A Witch’s Burden is a 2019 novel by D. W. Goates.

Set in Germany in 1830, the story follows Elke Schreiber, a young woman who travels to the small town of Waldheim for a chance to finally teach in her own classroom. She arrives to find the job was given to the schoolmaster’s niece, despite the letter Elke received offering her the position. Since she has come all this way, she is allowed to assist, but Elke finds little reason to want to stay in the remote valley.

Waldheim is a picturesque village in Bavaria, but the idyllic setting is all it has going for it. Elke hears rumors of the Margrave living in the castle above—his evil deeds are known to all, though when Elke asks for specifics, they are hard to come by. She refuses to believe tales of witchcraft or to succumb to the mindless fear and hatred the others have of a man most have never even seen.

A Witch’s Burden is classified as literary fiction, a work of Romanticism combining existential philosophy with social criticism, dressed in Gothic trappings.

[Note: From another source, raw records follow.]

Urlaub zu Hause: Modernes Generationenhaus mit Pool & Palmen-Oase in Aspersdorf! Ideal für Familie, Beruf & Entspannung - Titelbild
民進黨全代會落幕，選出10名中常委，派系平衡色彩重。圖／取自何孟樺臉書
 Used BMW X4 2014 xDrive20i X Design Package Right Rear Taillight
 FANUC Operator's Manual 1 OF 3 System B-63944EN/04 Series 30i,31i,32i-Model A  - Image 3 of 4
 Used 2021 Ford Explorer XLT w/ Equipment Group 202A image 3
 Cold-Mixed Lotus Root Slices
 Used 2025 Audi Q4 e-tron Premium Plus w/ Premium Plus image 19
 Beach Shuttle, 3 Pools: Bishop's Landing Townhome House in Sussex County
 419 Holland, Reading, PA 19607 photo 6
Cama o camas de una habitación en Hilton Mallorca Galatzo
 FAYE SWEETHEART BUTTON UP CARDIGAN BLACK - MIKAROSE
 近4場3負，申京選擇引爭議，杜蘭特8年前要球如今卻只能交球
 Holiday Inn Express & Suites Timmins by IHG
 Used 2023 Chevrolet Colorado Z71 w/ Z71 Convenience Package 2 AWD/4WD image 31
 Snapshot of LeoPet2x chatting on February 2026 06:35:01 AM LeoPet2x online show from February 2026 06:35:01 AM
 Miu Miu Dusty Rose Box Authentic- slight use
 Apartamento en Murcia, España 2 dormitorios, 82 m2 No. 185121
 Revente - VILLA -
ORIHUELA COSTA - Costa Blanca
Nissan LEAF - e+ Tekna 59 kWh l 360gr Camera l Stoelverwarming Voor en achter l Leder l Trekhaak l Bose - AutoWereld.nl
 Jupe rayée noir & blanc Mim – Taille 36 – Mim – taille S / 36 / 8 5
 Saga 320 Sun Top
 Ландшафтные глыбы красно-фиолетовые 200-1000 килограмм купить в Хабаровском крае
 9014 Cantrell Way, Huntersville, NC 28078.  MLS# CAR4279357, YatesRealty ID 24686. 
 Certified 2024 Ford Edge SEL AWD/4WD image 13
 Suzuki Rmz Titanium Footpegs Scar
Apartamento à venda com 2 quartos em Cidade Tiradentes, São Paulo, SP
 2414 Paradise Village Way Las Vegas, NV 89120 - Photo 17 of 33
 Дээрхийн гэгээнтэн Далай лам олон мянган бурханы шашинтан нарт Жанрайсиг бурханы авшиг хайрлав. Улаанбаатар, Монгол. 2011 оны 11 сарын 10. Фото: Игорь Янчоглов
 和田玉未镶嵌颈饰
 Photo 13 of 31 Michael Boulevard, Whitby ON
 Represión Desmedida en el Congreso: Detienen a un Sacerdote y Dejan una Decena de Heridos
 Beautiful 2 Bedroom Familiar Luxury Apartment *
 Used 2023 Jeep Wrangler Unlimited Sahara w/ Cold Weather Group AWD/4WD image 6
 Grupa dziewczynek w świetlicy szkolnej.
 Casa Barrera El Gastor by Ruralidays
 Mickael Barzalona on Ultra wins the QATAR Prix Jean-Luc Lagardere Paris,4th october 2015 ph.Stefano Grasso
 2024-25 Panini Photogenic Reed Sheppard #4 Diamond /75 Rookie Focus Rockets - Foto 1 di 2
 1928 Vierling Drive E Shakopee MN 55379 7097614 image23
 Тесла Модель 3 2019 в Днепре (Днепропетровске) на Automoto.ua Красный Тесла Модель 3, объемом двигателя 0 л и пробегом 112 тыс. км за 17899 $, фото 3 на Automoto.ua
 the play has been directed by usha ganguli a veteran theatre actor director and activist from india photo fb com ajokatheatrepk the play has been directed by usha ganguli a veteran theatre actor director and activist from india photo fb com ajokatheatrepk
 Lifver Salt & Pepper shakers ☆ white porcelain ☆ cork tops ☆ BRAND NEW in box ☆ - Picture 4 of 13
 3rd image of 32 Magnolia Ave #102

The novel is ultimately about Elke's journey to find peace with herself and her place in—or away from—society.

A Witch's Burden contains examples of:

  • Abomination Accusation Attack: The Margrave is accused of everything from witchcraft to kidnapping to child molestation.

  • As the Good Book Says...: Elke reminds Sascha that revenge belongs to God.

  • Bilingual Bonus: There are German words and phrases scattered throughout the text, as well as some Latin.

  • Blind Obedience: The people of Waldheim are convinced of the Margrave's evil because, as Loritz tells Elke, he was "raised on it."

  • Bookends: In the first chapter, Elke is justifiably outraged to be peeped at in the inn; in the final chapter, she skinny-dips on the beach and waves to onlookers.

  • Brainy Brunette: Elke Schreiber. As expected for a teacher, she loves books, history, languages, philosophy, and a good debate.

  • Burn the Witch!: Elke reads "The Horrible Fate of Ernst Sachs". Also the fate of the Margrave.

  • Captain Obvious: Loritz walks a fine line between this and Deadpan Snarker.

  • Culture Justifies Anything: A major theme of the work, shown in particular with the people of Waldheim.

  • Dances and Balls: Elke comes across a Fasching ball in Munich.

  • Don't Go in the Woods: When Milla doesn't return from the forest, her mother fears the Margrave's familiars have gotten to her.

  • Drowning My Sorrows: Elke, particularly after her experience at the boys' school.

  • Eating Lunch Alone: Elke often reads while she eats alone.

  • Everyone Calls Him "Barkeep": The Margave is only referred to by his title.

  • Family of Choice: Elke and Sascha.

  • Foreshadowing: A woman at church tells Elke that the Margrave will burn "at the stake for the witch that he is".

  • Fourth-Date Marriage: Loritz makes a half-hearted proposal to get Elke to stay in Waldheim.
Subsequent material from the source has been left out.